Your answer should restate each line of the data below word for word.

####

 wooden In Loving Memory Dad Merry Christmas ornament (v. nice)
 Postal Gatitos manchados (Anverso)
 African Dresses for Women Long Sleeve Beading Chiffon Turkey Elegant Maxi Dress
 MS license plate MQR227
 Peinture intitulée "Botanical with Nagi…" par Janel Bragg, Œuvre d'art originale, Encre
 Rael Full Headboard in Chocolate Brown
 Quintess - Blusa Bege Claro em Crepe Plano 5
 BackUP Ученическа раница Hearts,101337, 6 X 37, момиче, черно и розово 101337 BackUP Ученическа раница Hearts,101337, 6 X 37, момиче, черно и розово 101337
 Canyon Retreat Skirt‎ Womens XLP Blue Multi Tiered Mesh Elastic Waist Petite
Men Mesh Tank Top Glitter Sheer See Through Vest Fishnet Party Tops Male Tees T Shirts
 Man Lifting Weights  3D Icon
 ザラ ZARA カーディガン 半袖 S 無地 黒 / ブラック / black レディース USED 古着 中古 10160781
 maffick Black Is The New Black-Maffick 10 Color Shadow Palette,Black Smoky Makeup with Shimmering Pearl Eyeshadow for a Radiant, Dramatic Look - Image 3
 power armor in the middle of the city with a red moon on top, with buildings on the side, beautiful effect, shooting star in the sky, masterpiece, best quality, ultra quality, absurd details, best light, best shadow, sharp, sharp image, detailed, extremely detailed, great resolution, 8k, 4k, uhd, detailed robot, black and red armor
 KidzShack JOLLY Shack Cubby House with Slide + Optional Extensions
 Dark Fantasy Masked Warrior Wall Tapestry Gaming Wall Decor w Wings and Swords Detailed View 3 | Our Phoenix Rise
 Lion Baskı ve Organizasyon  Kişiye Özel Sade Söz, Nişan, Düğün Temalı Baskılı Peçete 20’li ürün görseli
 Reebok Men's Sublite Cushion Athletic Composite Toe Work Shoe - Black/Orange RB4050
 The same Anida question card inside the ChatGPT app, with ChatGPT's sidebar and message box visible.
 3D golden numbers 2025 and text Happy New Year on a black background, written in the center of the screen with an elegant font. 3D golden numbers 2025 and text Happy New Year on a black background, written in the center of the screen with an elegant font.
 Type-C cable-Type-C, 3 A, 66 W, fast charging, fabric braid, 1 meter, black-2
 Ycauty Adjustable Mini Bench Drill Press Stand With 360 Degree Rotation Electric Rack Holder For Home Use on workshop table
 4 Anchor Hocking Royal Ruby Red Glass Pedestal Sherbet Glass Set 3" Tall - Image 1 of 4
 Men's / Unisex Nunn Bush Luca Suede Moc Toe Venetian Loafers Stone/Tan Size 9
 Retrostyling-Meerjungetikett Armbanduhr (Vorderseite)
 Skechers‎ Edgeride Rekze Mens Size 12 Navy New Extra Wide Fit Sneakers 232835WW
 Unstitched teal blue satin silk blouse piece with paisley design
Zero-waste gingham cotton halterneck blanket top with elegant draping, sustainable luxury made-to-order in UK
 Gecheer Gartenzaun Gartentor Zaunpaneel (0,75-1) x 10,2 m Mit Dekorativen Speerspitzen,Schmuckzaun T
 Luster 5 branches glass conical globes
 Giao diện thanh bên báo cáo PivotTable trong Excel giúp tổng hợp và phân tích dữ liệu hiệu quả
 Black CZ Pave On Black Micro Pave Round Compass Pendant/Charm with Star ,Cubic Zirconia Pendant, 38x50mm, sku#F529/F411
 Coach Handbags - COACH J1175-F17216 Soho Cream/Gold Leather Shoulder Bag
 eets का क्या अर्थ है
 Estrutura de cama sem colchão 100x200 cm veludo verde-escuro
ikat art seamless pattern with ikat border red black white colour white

####

RESULT OF THE TASK:
 wooden In Loving Memory Dad Merry Christmas ornament (v. nice)
 Postal Gatitos manchados (Anverso)
 African Dresses for Women Long Sleeve Beading Chiffon Turkey Elegant Maxi Dress
 MS license plate MQR227
 Peinture intitulée "Botanical with Nagi…" par Janel Bragg, Œuvre d'art originale, Encre
 Rael Full Headboard in Chocolate Brown
 Quintess - Blusa Bege Claro em Crepe Plano 5
 BackUP Ученическа раница Hearts,101337, 6 X 37, момиче, черно и розово 101337 BackUP Ученическа раница Hearts,101337, 6 X 37, момиче, черно и розово 101337
 Canyon Retreat Skirt‎ Womens XLP Blue Multi Tiered Mesh Elastic Waist Petite
Men Mesh Tank Top Glitter Sheer See Through Vest Fishnet Party Tops Male Tees T Shirts
 Man Lifting Weights  3D Icon
 ザラ ZARA カーディガン 半袖 S 無地 黒 / ブラック / black レディース USED 古着 中古 10160781
 maffick Black Is The New Black-Maffick 10 Color Shadow Palette,Black Smoky Makeup with Shimmering Pearl Eyeshadow for a Radiant, Dramatic Look - Image 3
 power armor in the middle of the city with a red moon on top, with buildings on the side, beautiful effect, shooting star in the sky, masterpiece, best quality, ultra quality, absurd details, best light, best shadow, sharp, sharp image, detailed, extremely detailed, great resolution, 8k, 4k, uhd, detailed robot, black and red armor
 KidzShack JOLLY Shack Cubby House with Slide + Optional Extensions
 Dark Fantasy Masked Warrior Wall Tapestry Gaming Wall Decor w Wings and Swords Detailed View 3 | Our Phoenix Rise
 Lion Baskı ve Organizasyon  Kişiye Özel Sade Söz, Nişan, Düğün Temalı Baskılı Peçete 20’li ürün görseli
 Reebok Men's Sublite Cushion Athletic Composite Toe Work Shoe - Black/Orange RB4050
 The same Anida question card inside the ChatGPT app, with ChatGPT's sidebar and message box visible.
 3D golden numbers 2025 and text Happy New Year on a black background, written in the center of the screen with an elegant font. 3D golden numbers 2025 and text Happy New Year on a black background, written in the center of the screen with an elegant font.
 Type-C cable-Type-C, 3 A, 66 W, fast charging, fabric braid, 1 meter, black-2
 Ycauty Adjustable Mini Bench Drill Press Stand With 360 Degree Rotation Electric Rack Holder For Home Use on workshop table
 4 Anchor Hocking Royal Ruby Red Glass Pedestal Sherbet Glass Set 3" Tall - Image 1 of 4
 Men's / Unisex Nunn Bush Luca Suede Moc Toe Venetian Loafers Stone/Tan Size 9
 Retrostyling-Meerjungetikett Armbanduhr (Vorderseite)
 Skechers‎ Edgeride Rekze Mens Size 12 Navy New Extra Wide Fit Sneakers 232835WW
 Unstitched teal blue satin silk blouse piece with paisley design
Zero-waste gingham cotton halterneck blanket top with elegant draping, sustainable luxury made-to-order in UK
 Gecheer Gartenzaun Gartentor Zaunpaneel (0,75-1) x 10,2 m Mit Dekorativen Speerspitzen,Schmuckzaun T
 Luster 5 branches glass conical globes
 Giao diện thanh bên báo cáo PivotTable trong Excel giúp tổng hợp và phân tích dữ liệu hiệu quả
 Black CZ Pave On Black Micro Pave Round Compass Pendant/Charm with Star ,Cubic Zirconia Pendant, 38x50mm, sku#F529/F411
 Coach Handbags - COACH J1175-F17216 Soho Cream/Gold Leather Shoulder Bag
 eets का क्या अर्थ है
 Estrutura de cama sem colchão 100x200 cm veludo verde-escuro
ikat art seamless pattern with ikat border red black white colour white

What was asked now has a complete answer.